We trained a model for each well using the same model architecture; a multi-layer perceptron (MLP) model with two hidden layers of widths of 50 and 100 nodes for the 1st and 2nd layers, respectively. We used L2 regularization to reduce the effects of irrelevant features and 20% dropout between the layers to prevent over-fitting [34]. We optimized our model with ADAM: a commonly used adaptive optimization algorithm that works by calculating the first and second moments of the gradients and also controls the learning rate [34]. For each model, we trained on the measured data at the target well using 19–25 features. The model features consist of 5–11 well features, 1 prior feature, and 13 temporal features.

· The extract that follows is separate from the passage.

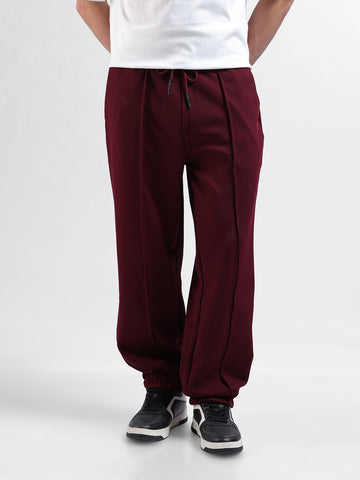Men Burgundy Loose Fit  Solid Joggers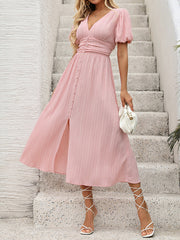 Textured fabric V-neck slit dress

For any given well, we had limited target data; this meant that it WAS impractical to use an 80–20 testing/training split to estimate errors. To address this lack of data, we used a K-fold cross-validation with 5 folds [35]. K-fold cross-validation works by splitting the data into five groups, each containing a similar number of sequential observations, with 1/5 of the data reserved for testing in each fold. Each fold is sequentially used for testing, with the remaining folds used for training and validation. We computed the error metrics for each fold, then averaged over each of the 5 folds to obtain our overall error metrics.

We utilized the average number of epochs for each fold determined through K-fold validation to train a final model on all the available data. This method enabled us to leverage all the available data for training while still comprehending our error metrics and appropriately selecting the model parameters. We implemented the models using the Python programing language with the TensorFlow package [36,37].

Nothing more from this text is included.